TASK TO COMPLETE -
The answer must consist of every record, printed exactly as it stands.

Data items:
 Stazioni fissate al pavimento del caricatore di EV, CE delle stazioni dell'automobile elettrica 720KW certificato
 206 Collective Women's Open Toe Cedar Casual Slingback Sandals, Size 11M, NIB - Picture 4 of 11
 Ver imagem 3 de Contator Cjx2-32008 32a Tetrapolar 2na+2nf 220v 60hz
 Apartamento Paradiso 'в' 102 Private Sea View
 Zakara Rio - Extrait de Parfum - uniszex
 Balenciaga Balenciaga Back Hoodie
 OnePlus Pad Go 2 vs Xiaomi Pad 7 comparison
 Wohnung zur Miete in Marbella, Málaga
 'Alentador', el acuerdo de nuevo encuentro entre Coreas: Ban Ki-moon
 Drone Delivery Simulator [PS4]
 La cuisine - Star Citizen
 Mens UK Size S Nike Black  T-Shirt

PROBLEM SOLUTION -
 Stazioni fissate al pavimento del caricatore di EV, CE delle stazioni dell'automobile elettrica 720KW certificato
 206 Collective Women's Open Toe Cedar Casual Slingback Sandals, Size 11M, NIB - Picture 4 of 11
 Ver imagem 3 de Contator Cjx2-32008 32a Tetrapolar 2na+2nf 220v 60hz
 Apartamento Paradiso 'в' 102 Private Sea View
 Zakara Rio - Extrait de Parfum - uniszex
 Balenciaga Balenciaga Back Hoodie
 OnePlus Pad Go 2 vs Xiaomi Pad 7 comparison
 Wohnung zur Miete in Marbella, Málaga
 'Alentador', el acuerdo de nuevo encuentro entre Coreas: Ban Ki-moon
 Drone Delivery Simulator [PS4]
 La cuisine - Star Citizen
 Mens UK Size S Nike Black  T-Shirt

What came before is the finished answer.